Denmark is a highly cultivated country with an elevated food production average per capita. It is supported by the two following verticals: arable production and livestock, with the latter having a high concentration of swine production—the famous Danish bacon. To measure and decarbonize the industry requires a range of different efforts involving everything from livestock feed to arable farming practices. There is a circular dimension between waste and how grains are produced, used and circled back that links into another big sector in Denmark, biofuel. Our focus is to switch from being greenhouse-gas positive to greenhouse-gas negative. Additionally, there is a symbiosis between the Danish government, different dimensions of talent acquisition and the capital ecosystem that works quite well. Top-shelf talent from the U.S. is moving to Denmark to live. The ability to attract these experts comes from having an exciting growth company with a solid mission combined with the attractiveness of living in the Nordics. Denmark in particular has grown a strong reputation of being a great place to live. The ability to attract and recruit the right talent as an international company in Denmark is a critical driver of success.

Denmark, together with the Netherlands, has historically had a leading position in driving innovation in agriculture due to the structure of our industry and strong cooperatives. For Denmark, being a small, open economy is ultimately what drives innovation. However, we must think big. We are proud we are not just helping farmers in western Denmark. In the first year we scaled to eight different countries. This is highly aligned with the Danish way of thinking and is a necessary mindset for green startups. Time is not necessarily on our side; fast scaling is a necessity.

 

What has the EU done to ensure member markets follow carbon-decreasing practices?

The EU has been a global leader in driving the sustainable agenda. To achieve our carbon neutrality goals, carbon removals will be necessary; nature-based solutions are the most cost-effective mitigation strategy. There is currently dormant potential that needs to be unlocked. Many of these green solutions can be found in agriculture, from storing carbon dioxide in the soil to lowering use of fuel and diesel. There are many possibilities, but all require economic incentives at the micro levels. The EU Carbon Farming Initiative, which is currently in development, is a testament to how important the role of agriculture will be in achieving climate targets across Denmark and all member states.

 

How are new digital technologies advancing agricultural and carbon-reducing practices?

New technologies are becoming swift enablers of efficiency and new possibilities, whether it is using big data to create smart agriculture systems and reduce fertilizer usage, using satellite imagery to verify the adoption of sustainable practices or using deep machine learning to figure out improved strategies for optimizing greenhouse-gas profiles of production and economic outcomes.
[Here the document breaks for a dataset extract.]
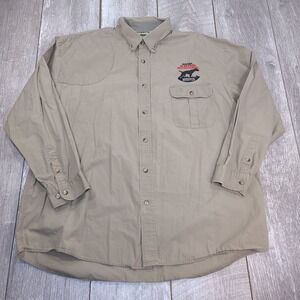 Bob Allen Shooting Shirt Men XL Tan NAVHDA 2008 Invitational Hunting Long Sleeve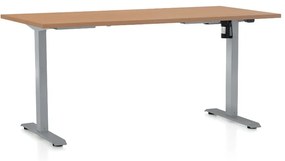 OfficeTech A állítható magasságú asztal, 160 x 80 cm, szürke alap, bükkfa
These technologies are starting to be deployed by a wider ecosystem of technology providers in Denmark. A fueling element in this transition is our ability to partner with each other. Many technology providers are modularizing their technology platforms to interconnect with one another. Our system is a great example of this. We do not do everything ourselves, rather we work with a range of different technology partners to integrate a value proposition—in our case—for farmers.

 

What is your vision for Agreena and the global agriculture sector in the next decade?

My vision for Agreena is to give farmers the tools to become climate heroes through carbon certificates, finance solutions and data and planning tools. We want to build the rails for a green European economy. Whether it takes five or 10 years, we will look back at how agriculture is currently performed with disbelief; we will have a completely changed sector. There is both a need and an opportunity for a fundamental shift in how our food is produced. However, we need to build this tidal wave of change at a micro level with actual farmers to make it a voluntary effort. We still need to feed the planet, but we also need to start to value and reward farmers as environmental stewards to the point where we value the environmental benefits generated, whether it be lowered greenhouse gases, improved soil health or biodiversity.